TASK DESCRIPTION:
Could you please output only the lines from the one holding "If you look at this, System" through the end of the listing below, exactly as written and without pictures?

DATA FOR REVIEW:
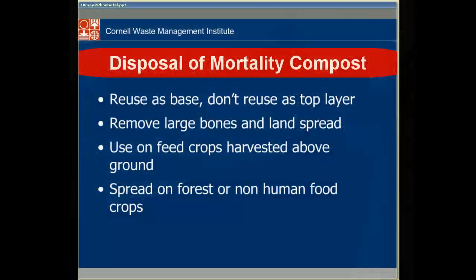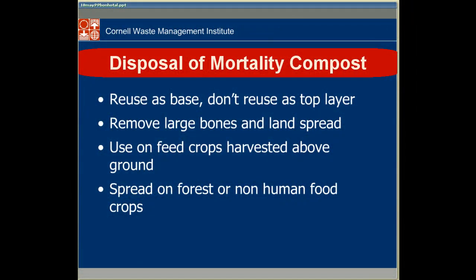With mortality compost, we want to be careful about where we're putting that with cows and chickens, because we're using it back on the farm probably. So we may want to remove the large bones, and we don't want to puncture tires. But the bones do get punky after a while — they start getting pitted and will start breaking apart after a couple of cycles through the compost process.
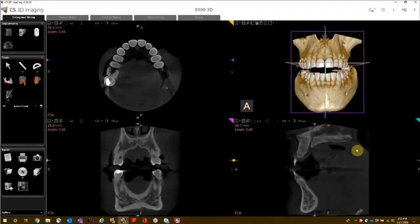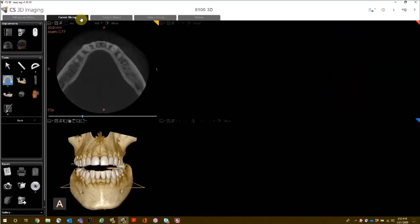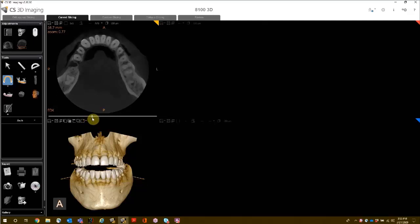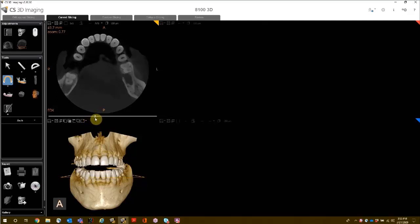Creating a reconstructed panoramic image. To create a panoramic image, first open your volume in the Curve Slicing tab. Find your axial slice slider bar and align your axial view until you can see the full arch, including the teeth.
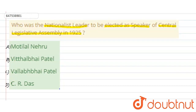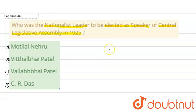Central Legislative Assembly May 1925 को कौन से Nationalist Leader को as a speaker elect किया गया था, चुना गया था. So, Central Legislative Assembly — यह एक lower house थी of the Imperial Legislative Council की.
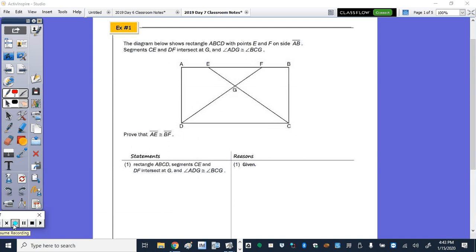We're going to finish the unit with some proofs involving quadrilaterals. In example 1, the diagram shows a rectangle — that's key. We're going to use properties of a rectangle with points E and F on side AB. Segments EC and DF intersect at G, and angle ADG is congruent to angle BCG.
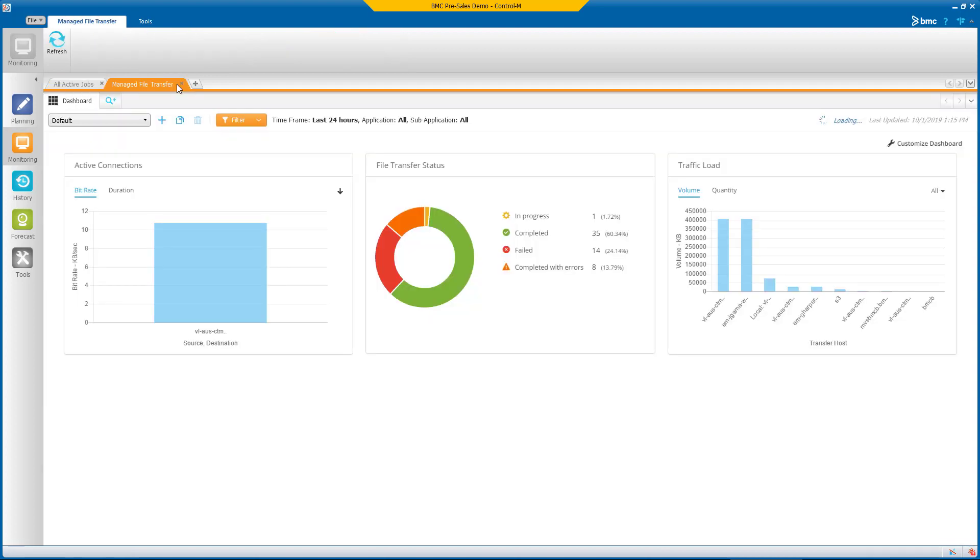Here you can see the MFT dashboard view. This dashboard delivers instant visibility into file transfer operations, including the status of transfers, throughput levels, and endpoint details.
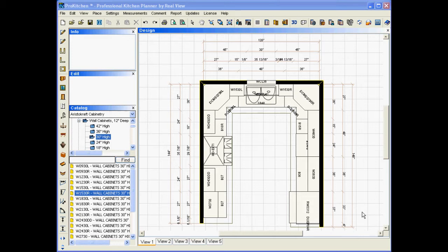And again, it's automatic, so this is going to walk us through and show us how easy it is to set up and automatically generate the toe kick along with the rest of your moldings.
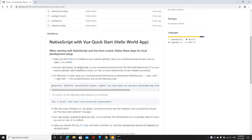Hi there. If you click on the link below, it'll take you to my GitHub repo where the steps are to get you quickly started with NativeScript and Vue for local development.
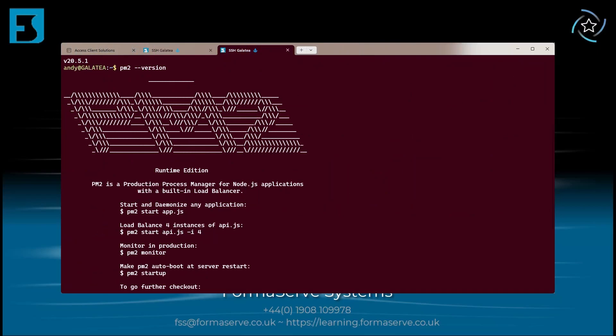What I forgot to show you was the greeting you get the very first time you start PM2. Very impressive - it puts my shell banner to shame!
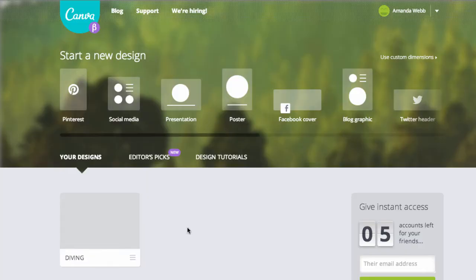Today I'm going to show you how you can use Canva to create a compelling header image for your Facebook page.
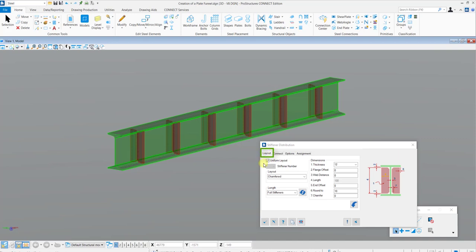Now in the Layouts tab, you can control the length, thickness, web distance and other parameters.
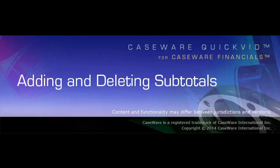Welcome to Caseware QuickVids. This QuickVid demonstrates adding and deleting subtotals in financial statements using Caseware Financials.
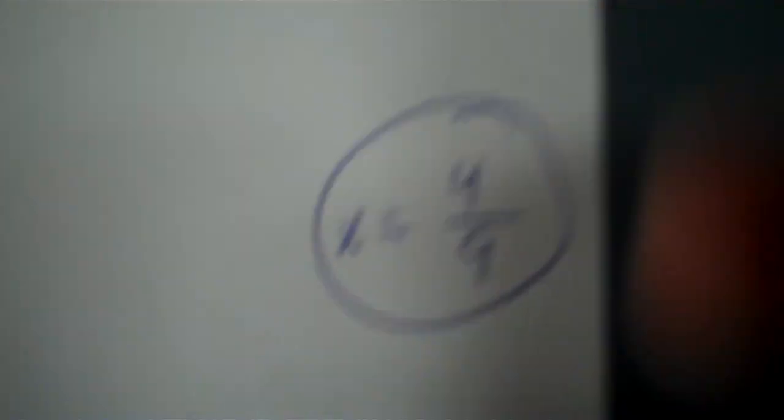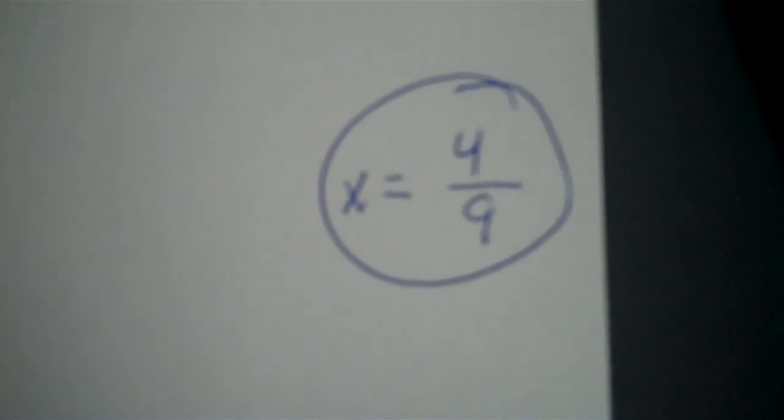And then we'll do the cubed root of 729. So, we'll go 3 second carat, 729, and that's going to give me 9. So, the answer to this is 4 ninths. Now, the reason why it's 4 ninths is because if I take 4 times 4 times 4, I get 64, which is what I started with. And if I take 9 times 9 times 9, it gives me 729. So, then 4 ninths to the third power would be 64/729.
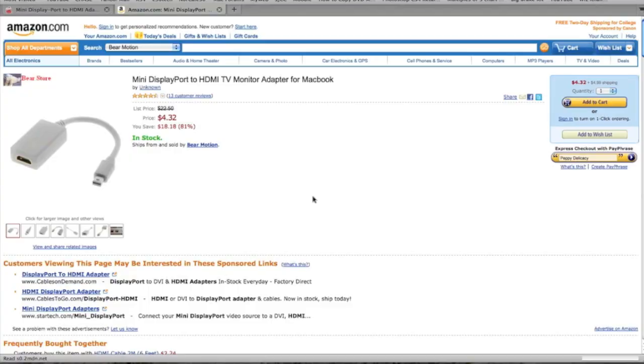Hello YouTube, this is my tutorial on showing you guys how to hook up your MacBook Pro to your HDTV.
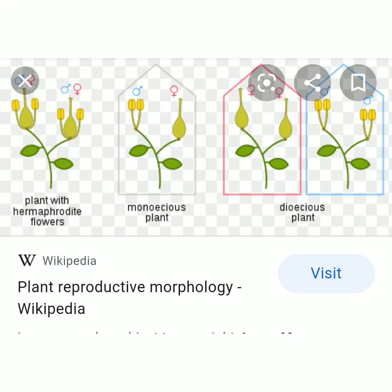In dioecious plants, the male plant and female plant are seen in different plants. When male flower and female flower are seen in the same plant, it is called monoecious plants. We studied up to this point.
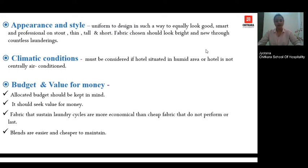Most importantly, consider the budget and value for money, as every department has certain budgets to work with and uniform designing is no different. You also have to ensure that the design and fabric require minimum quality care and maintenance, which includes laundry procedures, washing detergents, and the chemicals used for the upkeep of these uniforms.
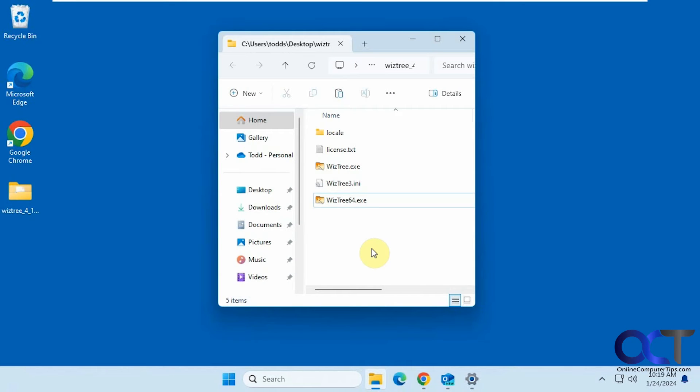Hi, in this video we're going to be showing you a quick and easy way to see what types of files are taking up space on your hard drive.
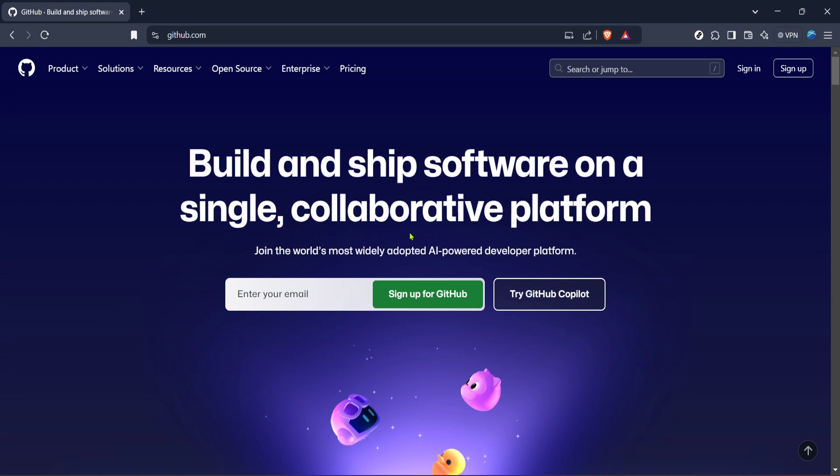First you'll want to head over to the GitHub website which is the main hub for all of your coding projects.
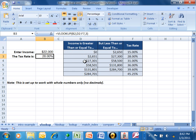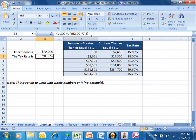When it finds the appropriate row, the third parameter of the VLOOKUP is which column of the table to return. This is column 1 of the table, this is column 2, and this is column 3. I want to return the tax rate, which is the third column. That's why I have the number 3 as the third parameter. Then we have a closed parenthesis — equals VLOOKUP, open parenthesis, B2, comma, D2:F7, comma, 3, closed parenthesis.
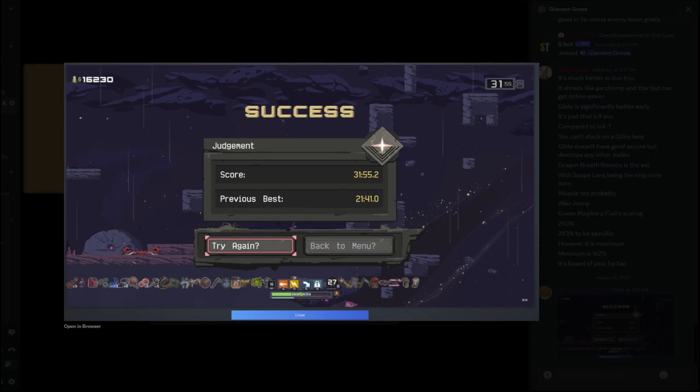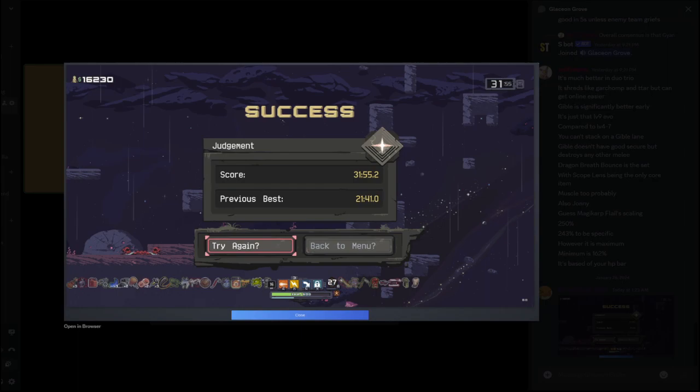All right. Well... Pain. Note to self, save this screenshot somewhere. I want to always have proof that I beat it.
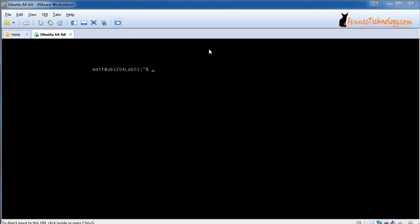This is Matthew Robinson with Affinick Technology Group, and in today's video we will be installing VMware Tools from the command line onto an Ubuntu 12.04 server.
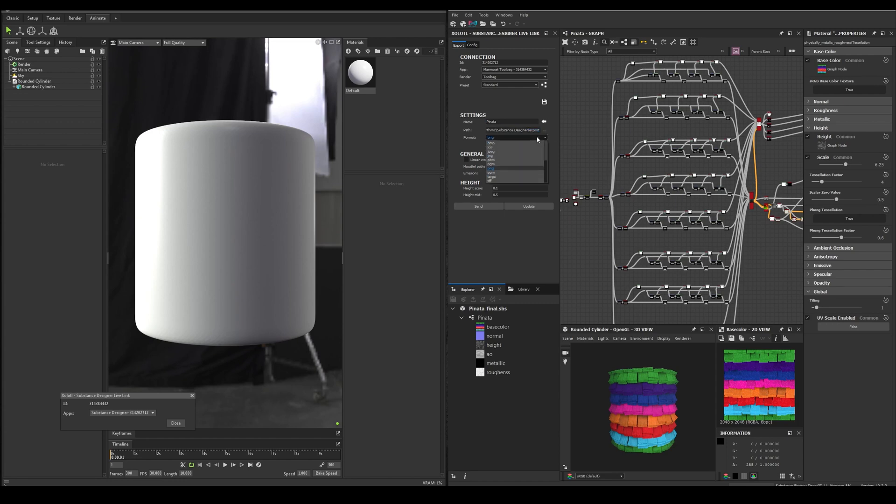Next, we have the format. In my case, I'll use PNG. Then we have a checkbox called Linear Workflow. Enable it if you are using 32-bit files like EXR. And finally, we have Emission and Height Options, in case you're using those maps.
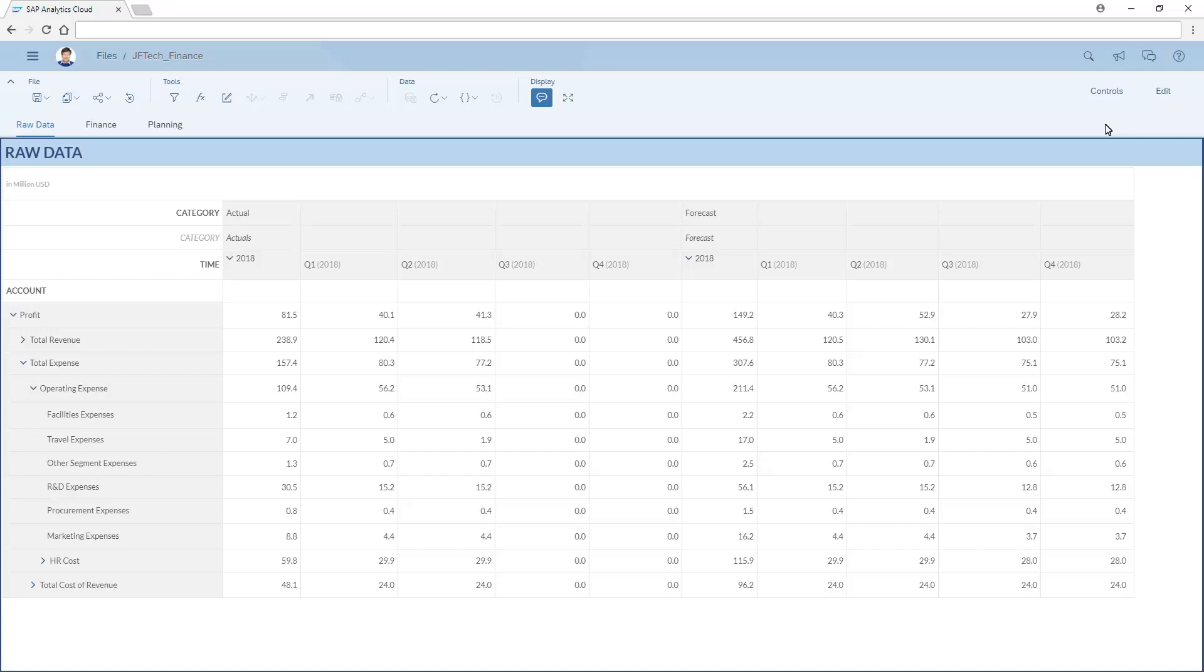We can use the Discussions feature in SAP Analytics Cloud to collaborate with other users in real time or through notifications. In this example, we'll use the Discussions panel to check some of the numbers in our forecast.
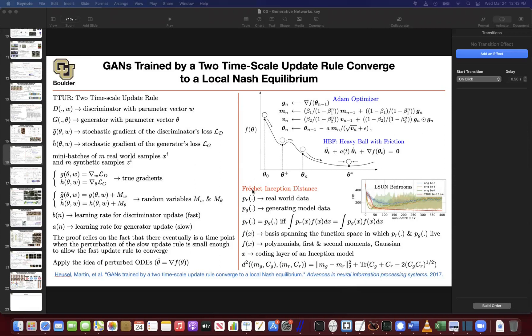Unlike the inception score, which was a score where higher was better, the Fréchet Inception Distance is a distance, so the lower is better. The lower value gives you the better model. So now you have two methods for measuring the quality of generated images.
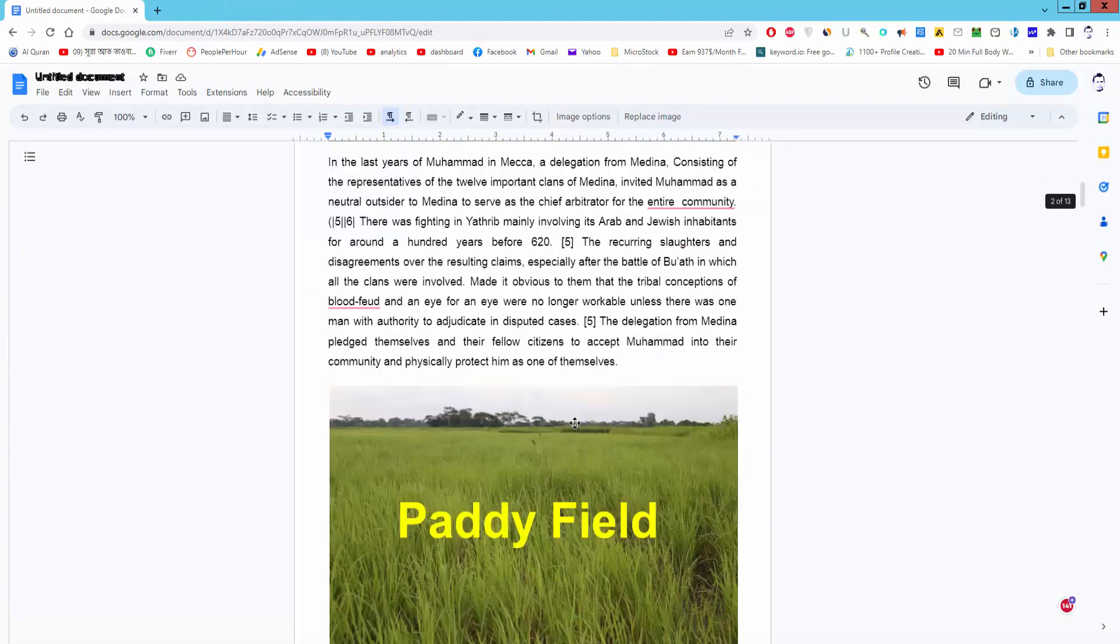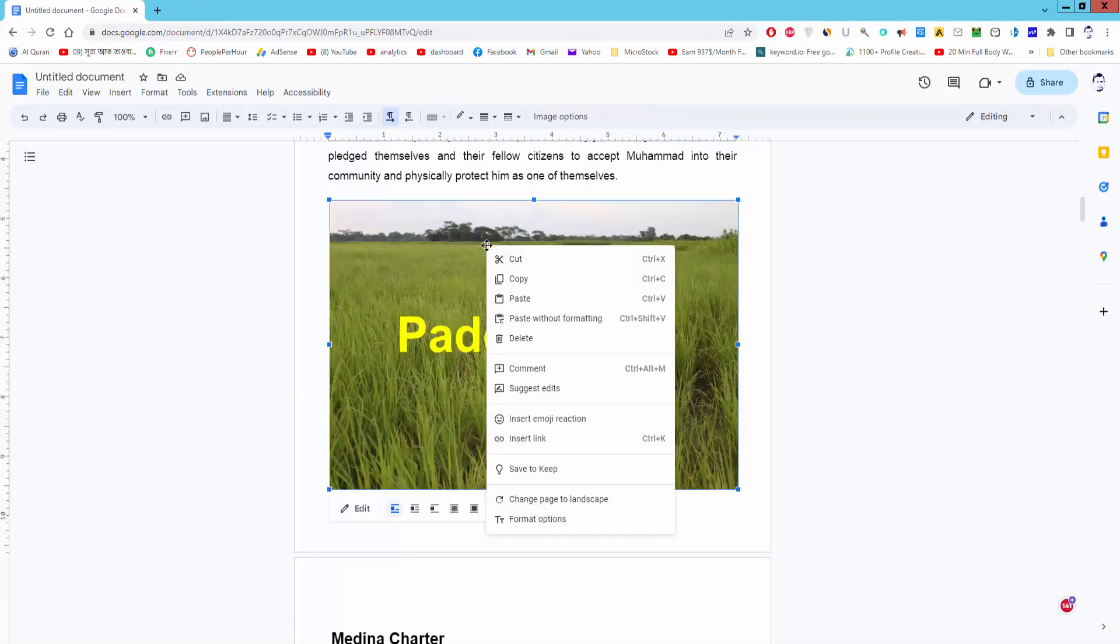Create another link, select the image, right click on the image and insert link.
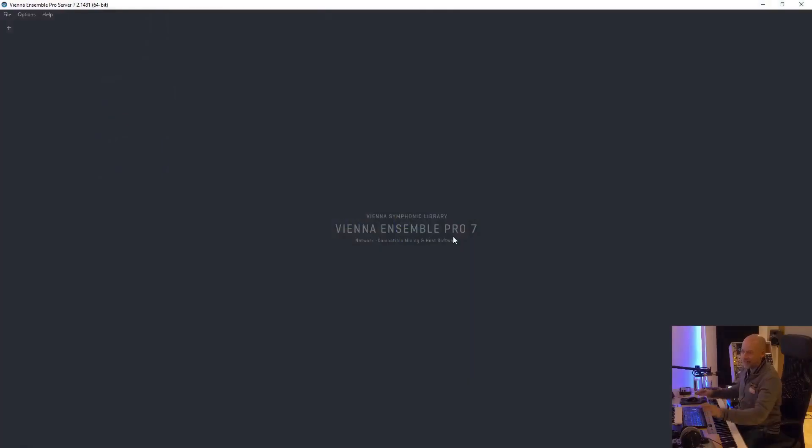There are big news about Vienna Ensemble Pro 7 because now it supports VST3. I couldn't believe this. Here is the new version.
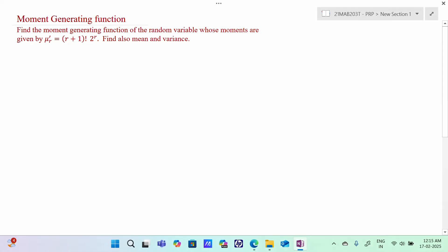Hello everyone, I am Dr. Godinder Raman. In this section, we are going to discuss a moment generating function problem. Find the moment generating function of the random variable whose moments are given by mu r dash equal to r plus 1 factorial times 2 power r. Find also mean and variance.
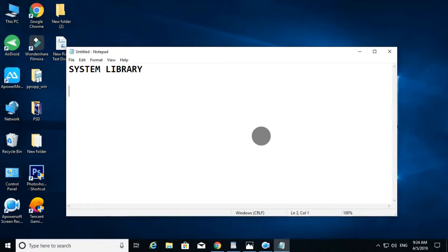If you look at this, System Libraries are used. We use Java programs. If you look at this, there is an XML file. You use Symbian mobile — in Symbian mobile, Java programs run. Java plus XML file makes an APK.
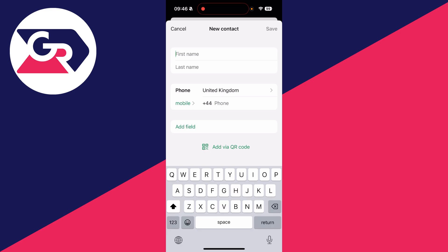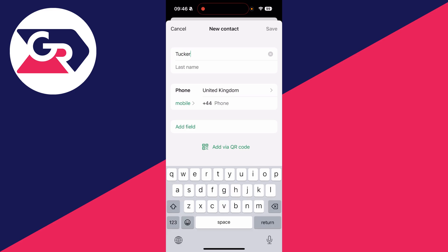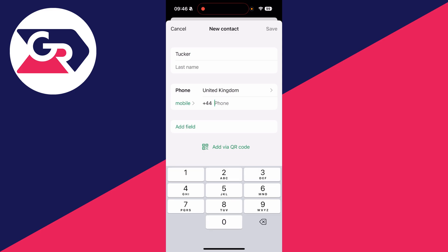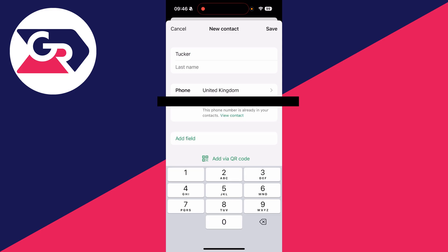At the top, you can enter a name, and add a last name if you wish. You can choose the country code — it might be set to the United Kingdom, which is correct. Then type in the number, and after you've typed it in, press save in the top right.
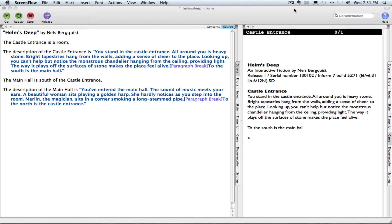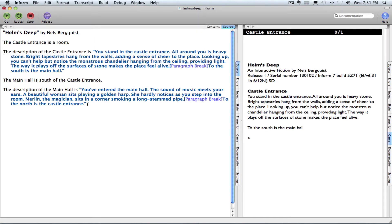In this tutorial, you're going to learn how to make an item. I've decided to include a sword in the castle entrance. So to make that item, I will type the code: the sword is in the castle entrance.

RESPONSE TO THE EXERCISE:
If you look at this, System Libraries are used. We use Java programs. If you look at this, there is an XML file. You use Symbian mobile — in Symbian mobile, Java programs run. Java plus XML file makes an APK.
At the top, you can enter a name, and add a last name if you wish. You can choose the country code — it might be set to the United Kingdom, which is correct. Then type in the number, and after you've typed it in, press save in the top right.
In this tutorial, you're going to learn how to make an item. I've decided to include a sword in the castle entrance. So to make that item, I will type the code: the sword is in the castle entrance.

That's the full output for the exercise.